Элизабет пыталась увидеть то и дело скрываемое толпой лицо мужа. Майкл повернул голову, и на секунду она поймала его взгляд: уверенный, спокойный и любящий, как и во все эти годы.
«Он точно вернется!» – подумала она, глядя как последний поезд увозит ее любимого на войну.
Глава 3
– Мой Владыка! Конфликт на севере Европы выходит из-под контроля, – начала советник безопасности первого уровня Тереза Шаут, поправив короткие светлые волосы.
– Я же говорил вам не называть меня так. Я просто служу человечеству, – не отвлекаясь от своей работы, произнес четырнадцатилетний юноша, которого уже многие громко именовали Сыном.
– Да, простите! – немного испуганно извинилась Тереза Шаут, переглядываясь со своими заместителями, стоявшими у дверей в столярный цех.
Она так боялась, что Он вновь исчезнет, уйдет, и на этот раз уже насовсем. С Ним так спокойно и хорошо, что даже постоянный стресс от происходящего на европейской арене отступал. Она поймала себя на мысли, что не хочет покидать эту пыльную мастерскую. Но ситуация на балтийском направлении требует постоянного контроля.
– Я… мы надеемся, что удастся избежать человеческих жертв на северном побережье, – собравшись с мыслями, продолжила советник Шаут.
Сын продолжал наждачным кругом полировать столешницу. Деревянная пыль оседала на его руках и на серой рабочей одежде.
– Может быть, Вы обратитесь к конфликтующей стороне и призовете их к миру? Или подскажете нам, как вести переговоры? – если бы Тереза видела себя со стороны, то удивилась бы, как ее прямая и строгая немецкая осанка превратилась в асимметричный полупоклон.
– Разве конфликтующая сторона одна?! – удивился Сын и выпрямился, опустив на шею защитные очки.
– Да, Северо-Восточная Федерация в очередной раз недовольна геополитическими решениями, – Тереза заметила, что перед этим мальчиком она оправдывается, как перед своим властным дедом.

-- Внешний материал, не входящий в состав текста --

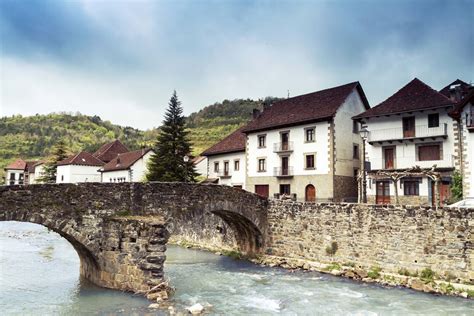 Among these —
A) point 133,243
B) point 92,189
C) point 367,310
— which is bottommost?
point 367,310

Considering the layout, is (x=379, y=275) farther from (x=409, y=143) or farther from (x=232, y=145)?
(x=232, y=145)

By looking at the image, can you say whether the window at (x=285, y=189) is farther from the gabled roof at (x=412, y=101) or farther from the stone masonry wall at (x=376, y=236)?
the stone masonry wall at (x=376, y=236)

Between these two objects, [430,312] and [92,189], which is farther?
[92,189]

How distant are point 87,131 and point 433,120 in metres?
111

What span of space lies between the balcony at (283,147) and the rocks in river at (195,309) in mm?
18347

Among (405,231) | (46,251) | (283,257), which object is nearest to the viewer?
(405,231)

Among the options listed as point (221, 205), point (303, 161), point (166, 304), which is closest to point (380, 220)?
point (221, 205)

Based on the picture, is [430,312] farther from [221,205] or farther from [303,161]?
[303,161]

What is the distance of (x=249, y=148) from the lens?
33.0 meters

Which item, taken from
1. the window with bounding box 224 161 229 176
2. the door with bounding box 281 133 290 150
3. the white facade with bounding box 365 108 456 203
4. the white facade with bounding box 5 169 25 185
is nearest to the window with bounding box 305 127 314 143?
the door with bounding box 281 133 290 150

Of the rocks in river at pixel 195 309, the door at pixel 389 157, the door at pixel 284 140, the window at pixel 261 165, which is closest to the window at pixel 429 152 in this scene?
the door at pixel 389 157

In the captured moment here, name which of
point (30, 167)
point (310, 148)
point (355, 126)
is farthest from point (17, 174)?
point (355, 126)

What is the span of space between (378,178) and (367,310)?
14012mm

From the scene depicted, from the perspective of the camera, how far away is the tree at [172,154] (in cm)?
3206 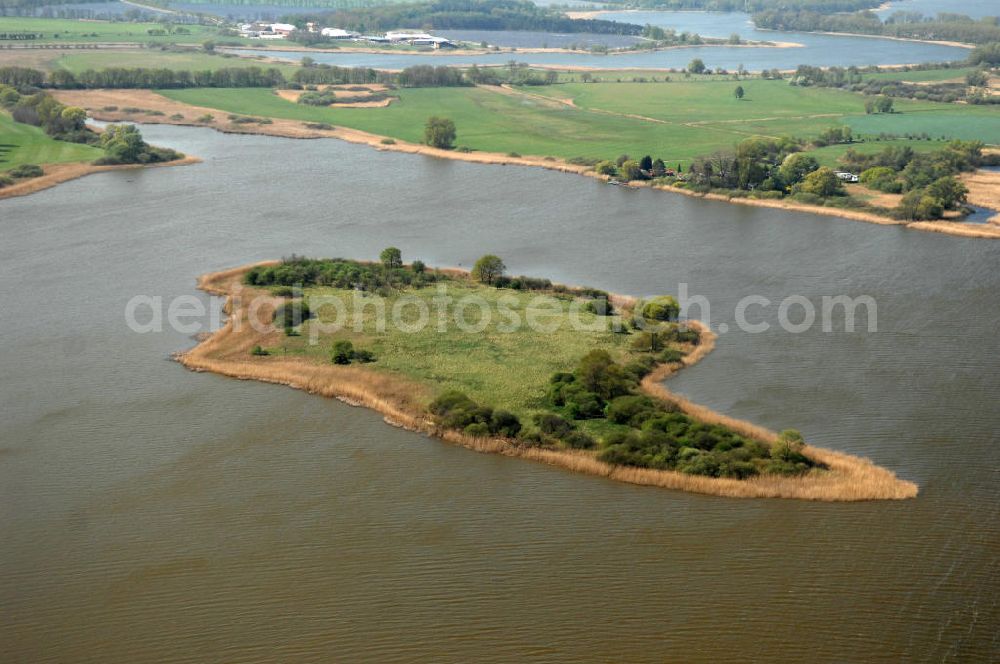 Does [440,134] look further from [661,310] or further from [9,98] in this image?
[661,310]

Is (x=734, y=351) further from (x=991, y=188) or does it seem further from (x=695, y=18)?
(x=695, y=18)

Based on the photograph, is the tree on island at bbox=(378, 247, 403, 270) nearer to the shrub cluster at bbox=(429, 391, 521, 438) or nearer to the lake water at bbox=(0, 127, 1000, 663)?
the lake water at bbox=(0, 127, 1000, 663)

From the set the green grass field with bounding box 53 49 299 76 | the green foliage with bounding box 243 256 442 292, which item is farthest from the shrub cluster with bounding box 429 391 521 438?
the green grass field with bounding box 53 49 299 76

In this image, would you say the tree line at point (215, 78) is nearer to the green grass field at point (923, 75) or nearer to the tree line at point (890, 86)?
the tree line at point (890, 86)

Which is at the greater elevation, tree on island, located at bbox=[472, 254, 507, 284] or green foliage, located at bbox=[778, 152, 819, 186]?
green foliage, located at bbox=[778, 152, 819, 186]

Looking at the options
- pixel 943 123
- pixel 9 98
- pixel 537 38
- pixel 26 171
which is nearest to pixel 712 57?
pixel 537 38

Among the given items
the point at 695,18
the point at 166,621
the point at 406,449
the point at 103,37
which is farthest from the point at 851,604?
the point at 695,18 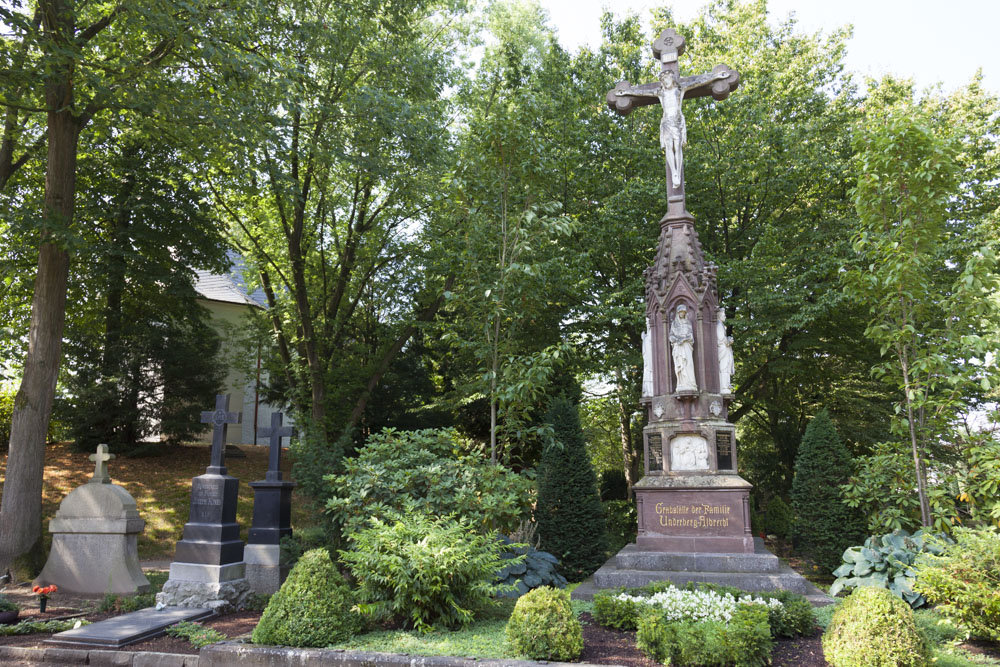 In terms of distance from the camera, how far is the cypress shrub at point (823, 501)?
10492 millimetres

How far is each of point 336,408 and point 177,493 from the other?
4537 mm

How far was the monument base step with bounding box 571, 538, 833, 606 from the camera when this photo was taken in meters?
8.11

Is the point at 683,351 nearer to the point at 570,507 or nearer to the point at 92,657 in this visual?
the point at 570,507

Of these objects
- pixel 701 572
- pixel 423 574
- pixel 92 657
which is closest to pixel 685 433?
pixel 701 572

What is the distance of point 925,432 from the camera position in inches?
344

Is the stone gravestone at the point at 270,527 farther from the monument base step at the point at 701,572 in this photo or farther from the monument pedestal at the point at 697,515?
the monument pedestal at the point at 697,515

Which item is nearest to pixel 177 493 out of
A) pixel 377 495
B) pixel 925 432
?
pixel 377 495

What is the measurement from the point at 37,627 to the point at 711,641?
7157mm

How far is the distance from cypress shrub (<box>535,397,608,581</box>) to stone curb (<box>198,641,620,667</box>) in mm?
5500

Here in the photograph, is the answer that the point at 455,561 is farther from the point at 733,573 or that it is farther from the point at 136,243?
the point at 136,243

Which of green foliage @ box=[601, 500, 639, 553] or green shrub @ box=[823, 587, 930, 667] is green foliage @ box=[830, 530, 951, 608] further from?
green foliage @ box=[601, 500, 639, 553]

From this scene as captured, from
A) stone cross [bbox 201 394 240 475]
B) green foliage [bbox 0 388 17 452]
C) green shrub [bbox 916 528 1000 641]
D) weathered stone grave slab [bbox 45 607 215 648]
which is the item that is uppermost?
green foliage [bbox 0 388 17 452]

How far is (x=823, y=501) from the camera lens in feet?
35.4

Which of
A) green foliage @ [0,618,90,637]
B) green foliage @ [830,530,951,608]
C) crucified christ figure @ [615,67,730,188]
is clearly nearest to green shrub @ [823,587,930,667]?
green foliage @ [830,530,951,608] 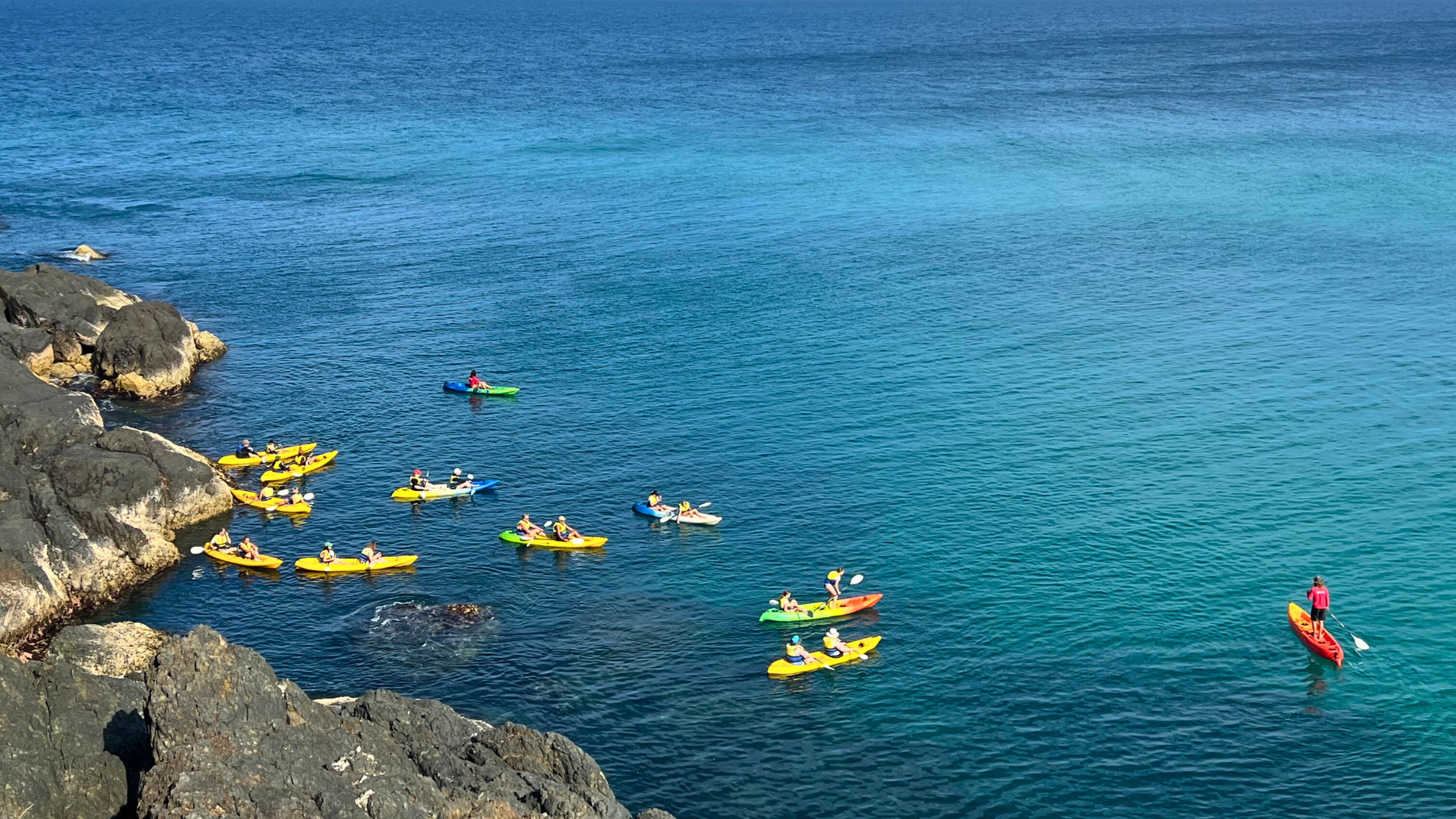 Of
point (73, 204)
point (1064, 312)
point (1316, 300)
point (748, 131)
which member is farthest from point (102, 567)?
point (748, 131)

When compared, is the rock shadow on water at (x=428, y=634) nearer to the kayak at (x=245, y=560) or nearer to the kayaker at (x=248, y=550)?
the kayak at (x=245, y=560)

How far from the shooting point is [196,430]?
78.1m

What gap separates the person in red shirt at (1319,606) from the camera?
53.1 meters

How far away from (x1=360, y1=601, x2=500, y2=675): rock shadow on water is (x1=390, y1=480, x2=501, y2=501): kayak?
1132 centimetres

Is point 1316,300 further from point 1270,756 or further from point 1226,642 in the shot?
point 1270,756

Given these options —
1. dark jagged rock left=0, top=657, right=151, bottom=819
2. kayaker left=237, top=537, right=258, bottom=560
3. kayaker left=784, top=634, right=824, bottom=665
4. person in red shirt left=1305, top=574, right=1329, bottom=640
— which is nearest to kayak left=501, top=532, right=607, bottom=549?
kayaker left=237, top=537, right=258, bottom=560

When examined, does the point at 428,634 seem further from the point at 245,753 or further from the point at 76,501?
the point at 245,753

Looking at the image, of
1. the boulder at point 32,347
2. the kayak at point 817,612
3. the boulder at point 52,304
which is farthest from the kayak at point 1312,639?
the boulder at point 32,347

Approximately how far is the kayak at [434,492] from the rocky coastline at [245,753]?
29.6 m

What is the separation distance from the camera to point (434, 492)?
6875 centimetres

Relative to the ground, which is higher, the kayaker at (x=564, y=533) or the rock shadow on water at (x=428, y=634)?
the kayaker at (x=564, y=533)

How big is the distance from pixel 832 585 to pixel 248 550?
27.7 meters

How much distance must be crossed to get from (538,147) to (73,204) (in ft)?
178

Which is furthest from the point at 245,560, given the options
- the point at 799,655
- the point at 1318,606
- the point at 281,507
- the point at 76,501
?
the point at 1318,606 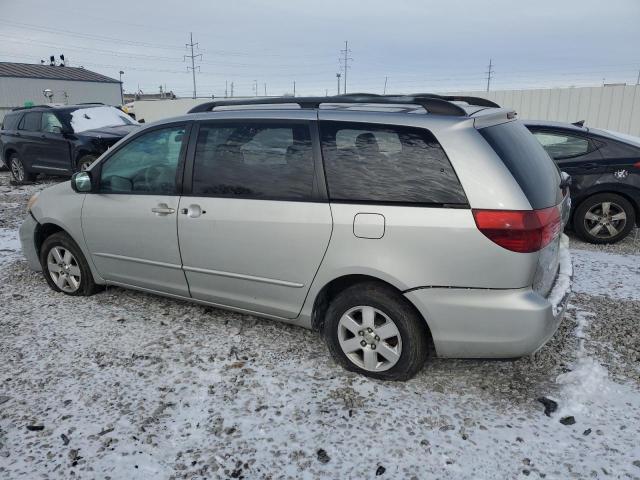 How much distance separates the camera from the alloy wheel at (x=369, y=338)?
9.50 ft

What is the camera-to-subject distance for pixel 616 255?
5492 mm

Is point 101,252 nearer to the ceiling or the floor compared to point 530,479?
nearer to the ceiling

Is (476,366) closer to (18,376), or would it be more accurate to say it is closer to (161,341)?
(161,341)

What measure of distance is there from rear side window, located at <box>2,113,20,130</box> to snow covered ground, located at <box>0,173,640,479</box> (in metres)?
9.22

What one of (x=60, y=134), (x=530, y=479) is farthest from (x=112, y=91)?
(x=530, y=479)

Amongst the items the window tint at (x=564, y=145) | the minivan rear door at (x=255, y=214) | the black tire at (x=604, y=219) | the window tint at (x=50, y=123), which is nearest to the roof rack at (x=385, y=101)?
the minivan rear door at (x=255, y=214)

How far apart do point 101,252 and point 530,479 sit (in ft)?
11.3

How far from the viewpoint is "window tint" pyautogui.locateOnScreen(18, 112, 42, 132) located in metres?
10.7

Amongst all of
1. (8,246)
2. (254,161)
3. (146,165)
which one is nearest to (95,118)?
(8,246)

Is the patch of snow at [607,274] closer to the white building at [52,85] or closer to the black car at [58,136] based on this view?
the black car at [58,136]

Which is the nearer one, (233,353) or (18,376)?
(18,376)

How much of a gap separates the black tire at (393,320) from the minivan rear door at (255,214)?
0.27m

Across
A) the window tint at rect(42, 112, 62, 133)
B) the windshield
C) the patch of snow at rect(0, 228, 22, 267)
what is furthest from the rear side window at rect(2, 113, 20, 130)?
the patch of snow at rect(0, 228, 22, 267)

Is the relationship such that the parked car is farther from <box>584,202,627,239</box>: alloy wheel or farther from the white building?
the white building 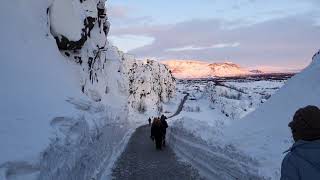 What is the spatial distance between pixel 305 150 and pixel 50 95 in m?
13.4

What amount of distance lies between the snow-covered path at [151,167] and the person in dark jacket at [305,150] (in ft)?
33.6

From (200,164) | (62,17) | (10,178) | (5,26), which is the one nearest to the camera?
(10,178)

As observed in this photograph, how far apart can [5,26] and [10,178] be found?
12.2 meters

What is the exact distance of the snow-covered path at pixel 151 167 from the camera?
48.9 ft

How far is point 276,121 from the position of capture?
20.6 meters

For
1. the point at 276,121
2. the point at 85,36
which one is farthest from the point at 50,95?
the point at 85,36

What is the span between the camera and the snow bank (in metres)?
15.3

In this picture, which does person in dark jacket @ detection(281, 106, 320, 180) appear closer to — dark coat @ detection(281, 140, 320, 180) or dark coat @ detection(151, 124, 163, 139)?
dark coat @ detection(281, 140, 320, 180)

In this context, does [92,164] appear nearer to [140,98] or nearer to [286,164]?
[286,164]

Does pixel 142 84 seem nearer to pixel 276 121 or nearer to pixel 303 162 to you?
pixel 276 121

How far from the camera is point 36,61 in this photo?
1955cm

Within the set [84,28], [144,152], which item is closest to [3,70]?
[144,152]

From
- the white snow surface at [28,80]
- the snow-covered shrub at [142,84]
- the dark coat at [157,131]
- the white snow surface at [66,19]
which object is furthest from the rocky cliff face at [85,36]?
the snow-covered shrub at [142,84]

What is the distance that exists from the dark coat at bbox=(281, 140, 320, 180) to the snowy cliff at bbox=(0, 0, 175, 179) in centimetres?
408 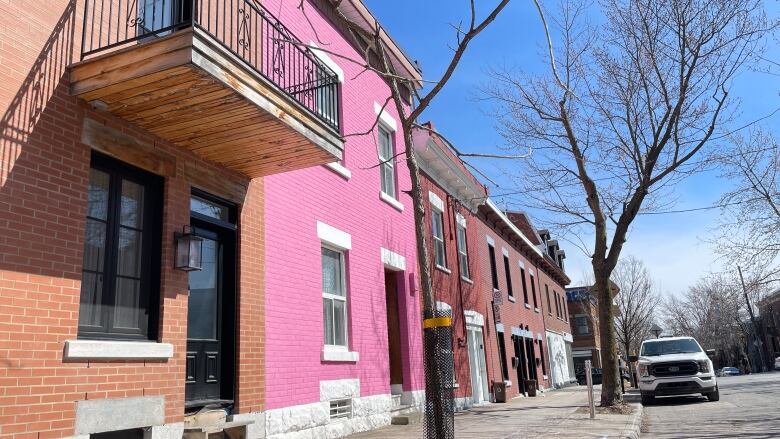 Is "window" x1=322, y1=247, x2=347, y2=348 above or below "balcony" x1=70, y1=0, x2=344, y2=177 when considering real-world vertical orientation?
below

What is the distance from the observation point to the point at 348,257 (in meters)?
10.6

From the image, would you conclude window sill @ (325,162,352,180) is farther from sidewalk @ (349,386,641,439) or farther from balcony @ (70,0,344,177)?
sidewalk @ (349,386,641,439)

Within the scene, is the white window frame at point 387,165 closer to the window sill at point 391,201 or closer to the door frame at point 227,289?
the window sill at point 391,201

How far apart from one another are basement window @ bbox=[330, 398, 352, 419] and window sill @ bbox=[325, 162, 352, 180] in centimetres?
398

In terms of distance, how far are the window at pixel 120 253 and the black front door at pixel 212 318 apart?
72cm

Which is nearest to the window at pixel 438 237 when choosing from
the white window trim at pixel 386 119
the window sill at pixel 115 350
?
the white window trim at pixel 386 119

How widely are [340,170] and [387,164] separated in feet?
9.08

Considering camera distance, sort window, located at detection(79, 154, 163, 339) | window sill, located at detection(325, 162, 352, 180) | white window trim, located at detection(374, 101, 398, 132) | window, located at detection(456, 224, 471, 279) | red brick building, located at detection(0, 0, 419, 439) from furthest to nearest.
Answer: window, located at detection(456, 224, 471, 279), white window trim, located at detection(374, 101, 398, 132), window sill, located at detection(325, 162, 352, 180), window, located at detection(79, 154, 163, 339), red brick building, located at detection(0, 0, 419, 439)

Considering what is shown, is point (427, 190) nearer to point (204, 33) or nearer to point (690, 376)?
point (690, 376)

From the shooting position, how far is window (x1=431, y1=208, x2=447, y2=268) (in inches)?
612

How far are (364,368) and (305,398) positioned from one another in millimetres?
2057

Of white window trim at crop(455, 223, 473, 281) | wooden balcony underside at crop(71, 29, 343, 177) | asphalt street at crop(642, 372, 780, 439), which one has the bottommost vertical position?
asphalt street at crop(642, 372, 780, 439)

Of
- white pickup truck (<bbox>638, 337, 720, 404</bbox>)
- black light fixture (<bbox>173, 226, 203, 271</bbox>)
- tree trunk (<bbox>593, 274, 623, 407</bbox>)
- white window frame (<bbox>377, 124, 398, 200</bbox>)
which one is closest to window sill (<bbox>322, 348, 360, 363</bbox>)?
black light fixture (<bbox>173, 226, 203, 271</bbox>)

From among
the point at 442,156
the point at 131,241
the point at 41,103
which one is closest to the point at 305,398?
the point at 131,241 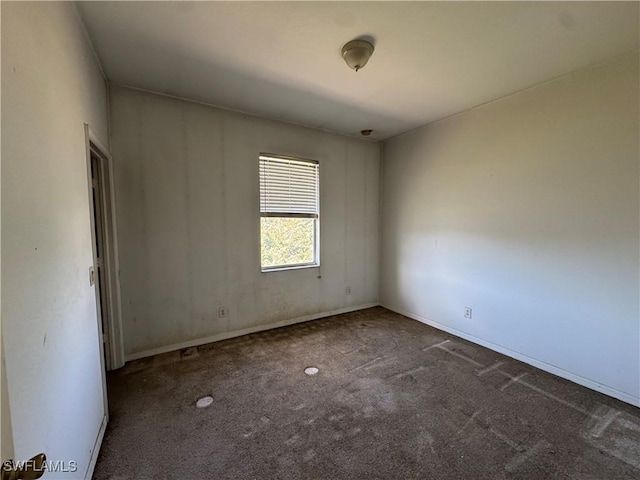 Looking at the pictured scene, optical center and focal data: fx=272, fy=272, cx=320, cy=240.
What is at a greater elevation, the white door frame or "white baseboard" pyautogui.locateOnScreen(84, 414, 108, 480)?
the white door frame

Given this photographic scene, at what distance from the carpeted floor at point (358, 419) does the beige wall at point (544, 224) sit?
0.38 meters

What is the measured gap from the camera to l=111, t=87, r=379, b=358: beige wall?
269 cm

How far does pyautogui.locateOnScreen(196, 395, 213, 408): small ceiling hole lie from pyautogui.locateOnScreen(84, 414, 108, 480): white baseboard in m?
0.57

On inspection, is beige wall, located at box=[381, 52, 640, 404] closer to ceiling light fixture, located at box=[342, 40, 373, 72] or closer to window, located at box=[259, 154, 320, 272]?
window, located at box=[259, 154, 320, 272]

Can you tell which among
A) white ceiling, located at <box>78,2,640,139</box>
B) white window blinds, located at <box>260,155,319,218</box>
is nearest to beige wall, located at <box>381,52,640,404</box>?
white ceiling, located at <box>78,2,640,139</box>

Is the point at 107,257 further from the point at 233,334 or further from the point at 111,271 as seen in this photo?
the point at 233,334

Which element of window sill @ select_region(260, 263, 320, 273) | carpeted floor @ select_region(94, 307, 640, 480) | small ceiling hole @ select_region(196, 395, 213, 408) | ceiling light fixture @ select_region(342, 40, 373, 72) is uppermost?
ceiling light fixture @ select_region(342, 40, 373, 72)

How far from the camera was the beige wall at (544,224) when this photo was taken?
215cm

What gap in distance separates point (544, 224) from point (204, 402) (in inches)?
132

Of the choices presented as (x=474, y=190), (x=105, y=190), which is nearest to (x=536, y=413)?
(x=474, y=190)

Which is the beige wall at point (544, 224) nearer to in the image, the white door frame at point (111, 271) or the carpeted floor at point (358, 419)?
the carpeted floor at point (358, 419)

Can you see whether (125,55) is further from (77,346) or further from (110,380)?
(110,380)

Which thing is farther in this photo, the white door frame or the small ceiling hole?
the white door frame

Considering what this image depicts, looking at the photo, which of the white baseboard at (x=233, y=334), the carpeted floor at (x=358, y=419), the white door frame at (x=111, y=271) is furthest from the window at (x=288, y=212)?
the white door frame at (x=111, y=271) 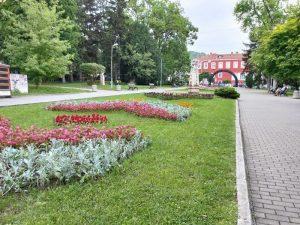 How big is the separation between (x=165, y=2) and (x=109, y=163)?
65.6 m

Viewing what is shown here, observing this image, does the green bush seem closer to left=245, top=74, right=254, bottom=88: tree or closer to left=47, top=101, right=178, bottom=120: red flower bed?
left=47, top=101, right=178, bottom=120: red flower bed

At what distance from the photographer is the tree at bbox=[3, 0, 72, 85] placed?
1106 inches

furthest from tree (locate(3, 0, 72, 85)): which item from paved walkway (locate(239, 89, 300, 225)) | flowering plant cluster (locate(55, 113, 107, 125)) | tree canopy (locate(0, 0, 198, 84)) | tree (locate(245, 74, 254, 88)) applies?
tree (locate(245, 74, 254, 88))

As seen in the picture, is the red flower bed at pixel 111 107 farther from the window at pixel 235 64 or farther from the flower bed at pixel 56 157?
the window at pixel 235 64

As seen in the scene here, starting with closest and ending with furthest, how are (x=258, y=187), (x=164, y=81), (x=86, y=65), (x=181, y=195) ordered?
1. (x=181, y=195)
2. (x=258, y=187)
3. (x=86, y=65)
4. (x=164, y=81)

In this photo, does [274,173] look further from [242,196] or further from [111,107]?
[111,107]

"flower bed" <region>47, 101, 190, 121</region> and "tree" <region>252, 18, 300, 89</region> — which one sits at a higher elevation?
"tree" <region>252, 18, 300, 89</region>

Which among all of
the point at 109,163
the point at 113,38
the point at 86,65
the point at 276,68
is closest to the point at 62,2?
the point at 86,65

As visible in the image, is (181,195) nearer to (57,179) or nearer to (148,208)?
(148,208)

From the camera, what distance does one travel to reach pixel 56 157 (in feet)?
17.6

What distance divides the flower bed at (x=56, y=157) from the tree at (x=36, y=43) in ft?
72.7

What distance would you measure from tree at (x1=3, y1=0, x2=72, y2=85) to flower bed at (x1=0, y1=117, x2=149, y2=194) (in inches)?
872

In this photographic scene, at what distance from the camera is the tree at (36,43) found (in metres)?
28.1

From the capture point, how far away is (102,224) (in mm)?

– Пока вы так думаете, я не смогу вам помочь, – он поравнялся с Терезой.
Несмотря на худобу, в Нем чувствовалась сила, которую уже не согнуть этому миру. Такого в своей жизни советник безопасности Тереза Шаут раньше не встречала. Когда она впервые познакомилась с Ним несколько месяцев назад, то хотела испытать Его, но все ее существо кричало, что этого лучше не делать. Сначала она восприняла это как тревожный знак, но позже, пообщавшись с Ним, изменила свое мнение. Такой любви к человеку и человечеству она еще не встречала, да что там – просто забыла о ее существовании. Возможно, она настолько отвыкла от подобного, что подсознательно боялась впустить подобную любовь в свою жизнь. По крайней мере, владея техникой саморефлексии, именно так она объяснила себе эти странные ощущения.
– Вы хотите сказать, что мы тоже виноваты? – удивилась Тереза.
Он посмотрел на нее своими пронзительными голубыми глазами и задумчиво отвел взгляд.
– Я попытаюсь донести Вашу идею об обоюдных переговорах до всех действующих сторон конфликта, – Тереза учтиво поклонилась ему.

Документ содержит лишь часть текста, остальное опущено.